*Saved entries*.
=======
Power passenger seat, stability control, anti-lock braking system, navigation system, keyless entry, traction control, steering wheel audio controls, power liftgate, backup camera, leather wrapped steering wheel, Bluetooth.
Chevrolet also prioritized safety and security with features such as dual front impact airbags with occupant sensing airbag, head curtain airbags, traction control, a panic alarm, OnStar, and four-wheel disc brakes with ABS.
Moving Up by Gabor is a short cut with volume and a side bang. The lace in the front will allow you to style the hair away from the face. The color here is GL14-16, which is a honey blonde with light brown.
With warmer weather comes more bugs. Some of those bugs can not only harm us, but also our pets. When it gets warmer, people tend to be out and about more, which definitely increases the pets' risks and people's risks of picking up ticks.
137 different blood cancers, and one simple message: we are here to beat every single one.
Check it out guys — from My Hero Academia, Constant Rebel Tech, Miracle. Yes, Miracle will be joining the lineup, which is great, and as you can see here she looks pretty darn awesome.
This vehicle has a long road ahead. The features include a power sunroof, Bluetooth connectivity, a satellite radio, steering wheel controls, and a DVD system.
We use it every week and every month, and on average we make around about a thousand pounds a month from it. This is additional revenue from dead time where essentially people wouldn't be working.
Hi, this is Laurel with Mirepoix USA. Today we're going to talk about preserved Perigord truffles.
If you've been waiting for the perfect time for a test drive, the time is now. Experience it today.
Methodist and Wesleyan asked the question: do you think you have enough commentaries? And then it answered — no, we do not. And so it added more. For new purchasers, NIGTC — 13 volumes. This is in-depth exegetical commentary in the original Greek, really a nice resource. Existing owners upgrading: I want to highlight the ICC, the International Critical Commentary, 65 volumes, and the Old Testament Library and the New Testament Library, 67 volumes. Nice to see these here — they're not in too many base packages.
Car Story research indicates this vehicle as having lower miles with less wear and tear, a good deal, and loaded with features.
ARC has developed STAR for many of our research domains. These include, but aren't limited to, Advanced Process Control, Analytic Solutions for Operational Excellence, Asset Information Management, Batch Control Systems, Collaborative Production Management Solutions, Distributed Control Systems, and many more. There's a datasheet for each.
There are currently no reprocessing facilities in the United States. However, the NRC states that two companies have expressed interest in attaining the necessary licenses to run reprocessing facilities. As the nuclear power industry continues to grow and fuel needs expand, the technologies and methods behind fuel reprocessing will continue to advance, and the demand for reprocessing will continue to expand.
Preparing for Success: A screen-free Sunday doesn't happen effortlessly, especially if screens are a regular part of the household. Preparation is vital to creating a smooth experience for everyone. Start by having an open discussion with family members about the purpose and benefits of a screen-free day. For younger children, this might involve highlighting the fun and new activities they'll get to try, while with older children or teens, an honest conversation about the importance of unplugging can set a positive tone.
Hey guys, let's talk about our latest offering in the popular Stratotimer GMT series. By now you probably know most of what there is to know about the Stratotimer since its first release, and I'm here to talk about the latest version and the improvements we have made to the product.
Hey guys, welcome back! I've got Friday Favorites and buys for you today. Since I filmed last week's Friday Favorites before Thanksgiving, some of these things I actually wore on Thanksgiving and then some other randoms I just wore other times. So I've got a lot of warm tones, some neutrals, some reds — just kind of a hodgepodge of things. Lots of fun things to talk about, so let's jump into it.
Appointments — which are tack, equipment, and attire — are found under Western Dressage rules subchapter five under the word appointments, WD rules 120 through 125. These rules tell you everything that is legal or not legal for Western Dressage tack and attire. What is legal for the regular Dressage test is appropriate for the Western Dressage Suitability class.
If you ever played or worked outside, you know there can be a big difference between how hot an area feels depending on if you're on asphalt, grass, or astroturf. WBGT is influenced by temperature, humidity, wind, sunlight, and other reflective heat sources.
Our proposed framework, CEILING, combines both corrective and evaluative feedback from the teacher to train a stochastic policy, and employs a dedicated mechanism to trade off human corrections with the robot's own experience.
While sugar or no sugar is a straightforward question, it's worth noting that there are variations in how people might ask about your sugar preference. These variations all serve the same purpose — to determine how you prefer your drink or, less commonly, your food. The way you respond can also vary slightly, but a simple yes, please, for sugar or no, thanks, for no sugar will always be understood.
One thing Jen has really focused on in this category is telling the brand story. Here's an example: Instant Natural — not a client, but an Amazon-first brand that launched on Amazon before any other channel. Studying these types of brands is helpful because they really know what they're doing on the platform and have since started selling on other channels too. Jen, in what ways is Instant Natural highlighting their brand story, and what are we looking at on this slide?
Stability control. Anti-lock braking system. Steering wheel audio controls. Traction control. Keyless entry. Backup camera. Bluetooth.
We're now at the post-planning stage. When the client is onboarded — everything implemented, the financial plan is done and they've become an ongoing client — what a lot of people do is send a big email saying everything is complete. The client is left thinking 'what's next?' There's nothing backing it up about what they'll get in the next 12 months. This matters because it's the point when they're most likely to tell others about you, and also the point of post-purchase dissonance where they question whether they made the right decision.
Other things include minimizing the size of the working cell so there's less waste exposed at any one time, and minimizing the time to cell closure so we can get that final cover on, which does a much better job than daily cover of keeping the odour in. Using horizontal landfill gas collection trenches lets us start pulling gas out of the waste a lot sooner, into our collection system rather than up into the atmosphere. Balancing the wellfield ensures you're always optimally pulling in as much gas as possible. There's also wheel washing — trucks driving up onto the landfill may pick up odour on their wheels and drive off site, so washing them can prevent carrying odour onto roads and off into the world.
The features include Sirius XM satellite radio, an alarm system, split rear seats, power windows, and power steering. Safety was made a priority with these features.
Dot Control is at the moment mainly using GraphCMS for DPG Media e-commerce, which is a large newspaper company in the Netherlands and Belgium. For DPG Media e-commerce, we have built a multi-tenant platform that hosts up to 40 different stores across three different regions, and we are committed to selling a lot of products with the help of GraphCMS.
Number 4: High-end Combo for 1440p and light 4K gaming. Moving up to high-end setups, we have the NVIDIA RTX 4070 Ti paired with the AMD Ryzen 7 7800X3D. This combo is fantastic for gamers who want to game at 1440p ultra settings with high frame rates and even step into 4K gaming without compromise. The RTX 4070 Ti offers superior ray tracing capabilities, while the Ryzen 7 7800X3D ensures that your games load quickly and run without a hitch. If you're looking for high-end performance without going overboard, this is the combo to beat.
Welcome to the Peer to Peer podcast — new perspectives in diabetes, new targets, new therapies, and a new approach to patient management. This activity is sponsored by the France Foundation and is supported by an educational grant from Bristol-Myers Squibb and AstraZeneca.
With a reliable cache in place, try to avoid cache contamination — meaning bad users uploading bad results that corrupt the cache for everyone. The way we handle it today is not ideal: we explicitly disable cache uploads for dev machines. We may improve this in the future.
=======
*Try it*.
Repeat the records above in full, word for word.

*Answer for this exercise*.
Power passenger seat, stability control, anti-lock braking system, navigation system, keyless entry, traction control, steering wheel audio controls, power liftgate, backup camera, leather wrapped steering wheel, Bluetooth.
Chevrolet also prioritized safety and security with features such as dual front impact airbags with occupant sensing airbag, head curtain airbags, traction control, a panic alarm, OnStar, and four-wheel disc brakes with ABS.
Moving Up by Gabor is a short cut with volume and a side bang. The lace in the front will allow you to style the hair away from the face. The color here is GL14-16, which is a honey blonde with light brown.
With warmer weather comes more bugs. Some of those bugs can not only harm us, but also our pets. When it gets warmer, people tend to be out and about more, which definitely increases the pets' risks and people's risks of picking up ticks.
137 different blood cancers, and one simple message: we are here to beat every single one.
Check it out guys — from My Hero Academia, Constant Rebel Tech, Miracle. Yes, Miracle will be joining the lineup, which is great, and as you can see here she looks pretty darn awesome.
This vehicle has a long road ahead. The features include a power sunroof, Bluetooth connectivity, a satellite radio, steering wheel controls, and a DVD system.
We use it every week and every month, and on average we make around about a thousand pounds a month from it. This is additional revenue from dead time where essentially people wouldn't be working.
Hi, this is Laurel with Mirepoix USA. Today we're going to talk about preserved Perigord truffles.
If you've been waiting for the perfect time for a test drive, the time is now. Experience it today.
Methodist and Wesleyan asked the question: do you think you have enough commentaries? And then it answered — no, we do not. And so it added more. For new purchasers, NIGTC — 13 volumes. This is in-depth exegetical commentary in the original Greek, really a nice resource. Existing owners upgrading: I want to highlight the ICC, the International Critical Commentary, 65 volumes, and the Old Testament Library and the New Testament Library, 67 volumes. Nice to see these here — they're not in too many base packages.
Car Story research indicates this vehicle as having lower miles with less wear and tear, a good deal, and loaded with features.
ARC has developed STAR for many of our research domains. These include, but aren't limited to, Advanced Process Control, Analytic Solutions for Operational Excellence, Asset Information Management, Batch Control Systems, Collaborative Production Management Solutions, Distributed Control Systems, and many more. There's a datasheet for each.
There are currently no reprocessing facilities in the United States. However, the NRC states that two companies have expressed interest in attaining the necessary licenses to run reprocessing facilities. As the nuclear power industry continues to grow and fuel needs expand, the technologies and methods behind fuel reprocessing will continue to advance, and the demand for reprocessing will continue to expand.
Preparing for Success: A screen-free Sunday doesn't happen effortlessly, especially if screens are a regular part of the household. Preparation is vital to creating a smooth experience for everyone. Start by having an open discussion with family members about the purpose and benefits of a screen-free day. For younger children, this might involve highlighting the fun and new activities they'll get to try, while with older children or teens, an honest conversation about the importance of unplugging can set a positive tone.
Hey guys, let's talk about our latest offering in the popular Stratotimer GMT series. By now you probably know most of what there is to know about the Stratotimer since its first release, and I'm here to talk about the latest version and the improvements we have made to the product.
Hey guys, welcome back! I've got Friday Favorites and buys for you today. Since I filmed last week's Friday Favorites before Thanksgiving, some of these things I actually wore on Thanksgiving and then some other randoms I just wore other times. So I've got a lot of warm tones, some neutrals, some reds — just kind of a hodgepodge of things. Lots of fun things to talk about, so let's jump into it.
Appointments — which are tack, equipment, and attire — are found under Western Dressage rules subchapter five under the word appointments, WD rules 120 through 125. These rules tell you everything that is legal or not legal for Western Dressage tack and attire. What is legal for the regular Dressage test is appropriate for the Western Dressage Suitability class.
If you ever played or worked outside, you know there can be a big difference between how hot an area feels depending on if you're on asphalt, grass, or astroturf. WBGT is influenced by temperature, humidity, wind, sunlight, and other reflective heat sources.
Our proposed framework, CEILING, combines both corrective and evaluative feedback from the teacher to train a stochastic policy, and employs a dedicated mechanism to trade off human corrections with the robot's own experience.
While sugar or no sugar is a straightforward question, it's worth noting that there are variations in how people might ask about your sugar preference. These variations all serve the same purpose — to determine how you prefer your drink or, less commonly, your food. The way you respond can also vary slightly, but a simple yes, please, for sugar or no, thanks, for no sugar will always be understood.
One thing Jen has really focused on in this category is telling the brand story. Here's an example: Instant Natural — not a client, but an Amazon-first brand that launched on Amazon before any other channel. Studying these types of brands is helpful because they really know what they're doing on the platform and have since started selling on other channels too. Jen, in what ways is Instant Natural highlighting their brand story, and what are we looking at on this slide?
Stability control. Anti-lock braking system. Steering wheel audio controls. Traction control. Keyless entry. Backup camera. Bluetooth.
We're now at the post-planning stage. When the client is onboarded — everything implemented, the financial plan is done and they've become an ongoing client — what a lot of people do is send a big email saying everything is complete. The client is left thinking 'what's next?' There's nothing backing it up about what they'll get in the next 12 months. This matters because it's the point when they're most likely to tell others about you, and also the point of post-purchase dissonance where they question whether they made the right decision.
Other things include minimizing the size of the working cell so there's less waste exposed at any one time, and minimizing the time to cell closure so we can get that final cover on, which does a much better job than daily cover of keeping the odour in. Using horizontal landfill gas collection trenches lets us start pulling gas out of the waste a lot sooner, into our collection system rather than up into the atmosphere. Balancing the wellfield ensures you're always optimally pulling in as much gas as possible. There's also wheel washing — trucks driving up onto the landfill may pick up odour on their wheels and drive off site, so washing them can prevent carrying odour onto roads and off into the world.
The features include Sirius XM satellite radio, an alarm system, split rear seats, power windows, and power steering. Safety was made a priority with these features.
Dot Control is at the moment mainly using GraphCMS for DPG Media e-commerce, which is a large newspaper company in the Netherlands and Belgium. For DPG Media e-commerce, we have built a multi-tenant platform that hosts up to 40 different stores across three different regions, and we are committed to selling a lot of products with the help of GraphCMS.
Number 4: High-end Combo for 1440p and light 4K gaming. Moving up to high-end setups, we have the NVIDIA RTX 4070 Ti paired with the AMD Ryzen 7 7800X3D. This combo is fantastic for gamers who want to game at 1440p ultra settings with high frame rates and even step into 4K gaming without compromise. The RTX 4070 Ti offers superior ray tracing capabilities, while the Ryzen 7 7800X3D ensures that your games load quickly and run without a hitch. If you're looking for high-end performance without going overboard, this is the combo to beat.
Welcome to the Peer to Peer podcast — new perspectives in diabetes, new targets, new therapies, and a new approach to patient management. This activity is sponsored by the France Foundation and is supported by an educational grant from Bristol-Myers Squibb and AstraZeneca.
With a reliable cache in place, try to avoid cache contamination — meaning bad users uploading bad results that corrupt the cache for everyone. The way we handle it today is not ideal: we explicitly disable cache uploads for dev machines. We may improve this in the future.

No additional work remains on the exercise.